Although the overall prognosis of AFH is good, studies have shown a local recurrence rate of up to 15%. Recurrence is more common in cases with invasive growth, larger tumor volume, and higher average age [3, 4, 23, 24]. In the present study, one patient (1/14, 7%) experienced local tumor recurrence, who was the oldest and exhibited the largest tumor volume among the 14 patients. In addition, unlike the other 13 cases, this case did not exhibit any classic histological features of AFH under microscopic examination. The absence of these histological manifestations may also impact its prognosis, which has not been mentioned in current literature. However, further analysis and confirmation with more cases are required.
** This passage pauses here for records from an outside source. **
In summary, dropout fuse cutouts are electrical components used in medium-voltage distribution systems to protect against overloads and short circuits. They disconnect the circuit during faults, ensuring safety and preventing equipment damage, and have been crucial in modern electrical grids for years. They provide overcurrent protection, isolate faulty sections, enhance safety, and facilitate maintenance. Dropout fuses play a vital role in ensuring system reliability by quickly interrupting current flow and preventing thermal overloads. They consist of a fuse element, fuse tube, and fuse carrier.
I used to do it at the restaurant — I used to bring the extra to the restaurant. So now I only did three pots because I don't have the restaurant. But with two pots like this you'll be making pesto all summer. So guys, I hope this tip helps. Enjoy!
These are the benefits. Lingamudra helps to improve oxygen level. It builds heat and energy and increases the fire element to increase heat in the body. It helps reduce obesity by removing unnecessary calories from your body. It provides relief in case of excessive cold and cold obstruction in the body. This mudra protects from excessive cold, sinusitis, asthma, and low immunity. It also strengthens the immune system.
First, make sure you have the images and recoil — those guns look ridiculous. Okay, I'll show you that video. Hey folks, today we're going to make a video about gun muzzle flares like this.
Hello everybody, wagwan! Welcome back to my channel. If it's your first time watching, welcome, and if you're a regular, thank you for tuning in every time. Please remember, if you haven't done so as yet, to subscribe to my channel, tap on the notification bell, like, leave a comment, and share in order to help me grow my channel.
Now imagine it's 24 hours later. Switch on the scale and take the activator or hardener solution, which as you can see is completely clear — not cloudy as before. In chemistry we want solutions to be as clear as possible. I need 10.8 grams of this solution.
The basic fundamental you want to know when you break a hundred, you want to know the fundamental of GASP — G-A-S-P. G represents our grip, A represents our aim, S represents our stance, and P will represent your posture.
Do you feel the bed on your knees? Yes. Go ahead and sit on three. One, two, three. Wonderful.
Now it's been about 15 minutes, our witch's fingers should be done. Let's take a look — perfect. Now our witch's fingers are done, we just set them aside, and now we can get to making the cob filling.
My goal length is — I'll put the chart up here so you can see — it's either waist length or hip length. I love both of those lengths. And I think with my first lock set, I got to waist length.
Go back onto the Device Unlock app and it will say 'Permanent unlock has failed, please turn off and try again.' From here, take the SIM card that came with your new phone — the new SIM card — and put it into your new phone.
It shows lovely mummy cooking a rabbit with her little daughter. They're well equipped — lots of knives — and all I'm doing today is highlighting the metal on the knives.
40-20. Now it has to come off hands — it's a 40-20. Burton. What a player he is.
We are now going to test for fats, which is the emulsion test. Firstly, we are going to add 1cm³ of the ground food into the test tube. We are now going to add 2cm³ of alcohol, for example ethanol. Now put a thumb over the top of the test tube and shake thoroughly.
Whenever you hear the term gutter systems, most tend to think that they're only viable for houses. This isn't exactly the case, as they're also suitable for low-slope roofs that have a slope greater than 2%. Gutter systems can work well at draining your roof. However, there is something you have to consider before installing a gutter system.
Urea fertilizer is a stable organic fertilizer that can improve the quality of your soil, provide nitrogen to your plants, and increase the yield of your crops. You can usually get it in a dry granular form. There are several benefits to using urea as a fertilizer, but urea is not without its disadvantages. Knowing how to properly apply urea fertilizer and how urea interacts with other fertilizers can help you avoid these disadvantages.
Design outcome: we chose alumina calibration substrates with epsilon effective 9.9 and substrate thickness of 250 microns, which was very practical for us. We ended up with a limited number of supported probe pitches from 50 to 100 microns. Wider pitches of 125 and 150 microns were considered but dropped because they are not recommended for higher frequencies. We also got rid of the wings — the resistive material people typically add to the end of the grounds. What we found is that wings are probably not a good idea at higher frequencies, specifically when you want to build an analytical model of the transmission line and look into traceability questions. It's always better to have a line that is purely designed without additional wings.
In summary, AFH is a rare intermediate tumor that often presents with diverse histological patterns, particularly when located in uncommon sites, which complicates accurate diagnosis. Our results indicate that in cases wherein patients present with spindle cell tumors exhibiting benign clinical manifestations, microscopic examination revealing features such as hemorrhagic gaps, lymphocytic sleeves, or fibrous capsules, along with positive immunohistochemical staining for desmin, CD68, or CD99, and evidence for EWSR1 gene rearrangement, AFH should be considered. Moreover, extensive sampling to identify classic histological patterns is crucial for improving the detection rate of AFH.